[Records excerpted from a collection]
..........
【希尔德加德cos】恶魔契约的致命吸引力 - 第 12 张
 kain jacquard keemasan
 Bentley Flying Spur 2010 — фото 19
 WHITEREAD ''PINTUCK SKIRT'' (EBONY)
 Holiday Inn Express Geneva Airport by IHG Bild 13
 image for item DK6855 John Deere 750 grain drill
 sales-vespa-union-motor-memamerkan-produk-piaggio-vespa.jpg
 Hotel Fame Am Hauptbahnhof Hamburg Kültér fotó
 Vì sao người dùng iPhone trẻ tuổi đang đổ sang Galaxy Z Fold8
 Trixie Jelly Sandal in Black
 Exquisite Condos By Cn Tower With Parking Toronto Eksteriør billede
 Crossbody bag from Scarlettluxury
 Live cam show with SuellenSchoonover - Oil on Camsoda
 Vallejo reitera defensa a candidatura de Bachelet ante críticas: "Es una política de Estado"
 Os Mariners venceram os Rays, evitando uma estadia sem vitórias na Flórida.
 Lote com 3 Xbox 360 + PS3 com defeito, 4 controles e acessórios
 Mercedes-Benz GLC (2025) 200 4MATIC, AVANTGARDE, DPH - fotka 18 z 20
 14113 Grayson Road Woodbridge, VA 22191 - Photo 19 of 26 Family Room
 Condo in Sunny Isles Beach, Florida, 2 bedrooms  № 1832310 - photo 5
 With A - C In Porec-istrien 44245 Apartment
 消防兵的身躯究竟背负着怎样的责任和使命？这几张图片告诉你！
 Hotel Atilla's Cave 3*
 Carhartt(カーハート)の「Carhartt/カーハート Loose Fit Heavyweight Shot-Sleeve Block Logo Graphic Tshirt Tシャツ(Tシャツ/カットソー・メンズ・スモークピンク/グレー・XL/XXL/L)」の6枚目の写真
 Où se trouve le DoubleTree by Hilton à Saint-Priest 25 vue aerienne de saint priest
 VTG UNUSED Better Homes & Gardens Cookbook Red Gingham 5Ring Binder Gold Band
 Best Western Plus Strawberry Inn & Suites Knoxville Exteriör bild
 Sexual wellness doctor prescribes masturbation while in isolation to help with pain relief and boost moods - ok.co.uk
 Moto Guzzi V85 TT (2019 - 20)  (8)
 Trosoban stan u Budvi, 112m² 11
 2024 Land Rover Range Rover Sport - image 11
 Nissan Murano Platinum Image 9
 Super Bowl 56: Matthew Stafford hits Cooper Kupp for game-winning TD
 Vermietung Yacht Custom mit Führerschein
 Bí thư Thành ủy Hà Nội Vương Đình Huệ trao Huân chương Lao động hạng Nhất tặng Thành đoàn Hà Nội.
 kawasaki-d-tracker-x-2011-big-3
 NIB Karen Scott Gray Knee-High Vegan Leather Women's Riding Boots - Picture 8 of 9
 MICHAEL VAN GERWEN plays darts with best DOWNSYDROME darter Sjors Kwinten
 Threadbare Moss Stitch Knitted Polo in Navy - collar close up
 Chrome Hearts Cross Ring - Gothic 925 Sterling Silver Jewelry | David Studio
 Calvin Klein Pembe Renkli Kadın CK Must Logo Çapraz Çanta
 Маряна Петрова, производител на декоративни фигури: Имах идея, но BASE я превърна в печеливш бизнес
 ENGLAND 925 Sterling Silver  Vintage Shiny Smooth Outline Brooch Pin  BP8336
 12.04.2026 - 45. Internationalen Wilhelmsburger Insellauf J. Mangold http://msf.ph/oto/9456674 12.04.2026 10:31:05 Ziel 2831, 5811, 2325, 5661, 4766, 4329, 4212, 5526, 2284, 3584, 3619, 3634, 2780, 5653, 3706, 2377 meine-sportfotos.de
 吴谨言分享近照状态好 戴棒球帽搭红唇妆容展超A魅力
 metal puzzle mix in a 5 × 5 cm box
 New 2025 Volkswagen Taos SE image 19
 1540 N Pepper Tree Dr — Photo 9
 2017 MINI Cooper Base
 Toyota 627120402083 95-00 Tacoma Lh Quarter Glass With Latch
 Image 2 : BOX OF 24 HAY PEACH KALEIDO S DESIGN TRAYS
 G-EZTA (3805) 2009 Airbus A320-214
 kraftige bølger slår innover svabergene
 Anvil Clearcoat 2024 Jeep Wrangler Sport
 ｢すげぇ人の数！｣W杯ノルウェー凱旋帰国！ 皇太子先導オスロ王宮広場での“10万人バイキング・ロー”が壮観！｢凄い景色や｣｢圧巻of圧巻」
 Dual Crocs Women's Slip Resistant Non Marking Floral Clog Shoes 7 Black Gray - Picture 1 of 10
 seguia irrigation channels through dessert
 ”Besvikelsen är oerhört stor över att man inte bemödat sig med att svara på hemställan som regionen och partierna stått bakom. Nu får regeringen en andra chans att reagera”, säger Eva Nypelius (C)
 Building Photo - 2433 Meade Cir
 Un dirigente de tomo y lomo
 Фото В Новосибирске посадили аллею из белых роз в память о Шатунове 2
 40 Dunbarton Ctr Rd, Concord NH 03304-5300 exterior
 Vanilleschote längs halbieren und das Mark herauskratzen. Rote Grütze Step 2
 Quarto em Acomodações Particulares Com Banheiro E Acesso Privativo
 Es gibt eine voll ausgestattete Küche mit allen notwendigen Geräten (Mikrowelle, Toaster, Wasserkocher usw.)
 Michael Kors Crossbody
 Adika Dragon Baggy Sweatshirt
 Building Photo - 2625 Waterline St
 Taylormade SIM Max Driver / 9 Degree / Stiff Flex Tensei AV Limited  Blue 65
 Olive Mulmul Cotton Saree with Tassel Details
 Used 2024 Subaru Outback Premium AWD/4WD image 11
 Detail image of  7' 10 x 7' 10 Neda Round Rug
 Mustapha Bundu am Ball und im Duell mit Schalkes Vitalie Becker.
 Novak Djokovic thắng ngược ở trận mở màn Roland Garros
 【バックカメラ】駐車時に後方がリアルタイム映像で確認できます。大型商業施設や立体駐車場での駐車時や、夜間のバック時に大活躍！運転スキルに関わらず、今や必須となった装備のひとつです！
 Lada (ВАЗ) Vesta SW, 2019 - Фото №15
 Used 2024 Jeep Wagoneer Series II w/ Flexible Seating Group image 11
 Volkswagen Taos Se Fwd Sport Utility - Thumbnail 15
..........
**How to complete this task**
Taking the entries above, restate exactly those lines that fall between the line with "New 2025 Volkswagen Taos SE image 19" and the line with "Detail image of", keeping both of those lines too.

**Result**
 New 2025 Volkswagen Taos SE image 19
 1540 N Pepper Tree Dr — Photo 9
 2017 MINI Cooper Base
 Toyota 627120402083 95-00 Tacoma Lh Quarter Glass With Latch
 Image 2 : BOX OF 24 HAY PEACH KALEIDO S DESIGN TRAYS
 G-EZTA (3805) 2009 Airbus A320-214
 kraftige bølger slår innover svabergene
 Anvil Clearcoat 2024 Jeep Wrangler Sport
 ｢すげぇ人の数！｣W杯ノルウェー凱旋帰国！ 皇太子先導オスロ王宮広場での“10万人バイキング・ロー”が壮観！｢凄い景色や｣｢圧巻of圧巻」
 Dual Crocs Women's Slip Resistant Non Marking Floral Clog Shoes 7 Black Gray - Picture 1 of 10
 seguia irrigation channels through dessert
 ”Besvikelsen är oerhört stor över att man inte bemödat sig med att svara på hemställan som regionen och partierna stått bakom. Nu får regeringen en andra chans att reagera”, säger Eva Nypelius (C)
 Building Photo - 2433 Meade Cir
 Un dirigente de tomo y lomo
 Фото В Новосибирске посадили аллею из белых роз в память о Шатунове 2
 40 Dunbarton Ctr Rd, Concord NH 03304-5300 exterior
 Vanilleschote längs halbieren und das Mark herauskratzen. Rote Grütze Step 2
 Quarto em Acomodações Particulares Com Banheiro E Acesso Privativo
 Es gibt eine voll ausgestattete Küche mit allen notwendigen Geräten (Mikrowelle, Toaster, Wasserkocher usw.)
 Michael Kors Crossbody
 Adika Dragon Baggy Sweatshirt
 Building Photo - 2625 Waterline St
 Taylormade SIM Max Driver / 9 Degree / Stiff Flex Tensei AV Limited  Blue 65
 Olive Mulmul Cotton Saree with Tassel Details
 Used 2024 Subaru Outback Premium AWD/4WD image 11
 Detail image of  7' 10 x 7' 10 Neda Round Rug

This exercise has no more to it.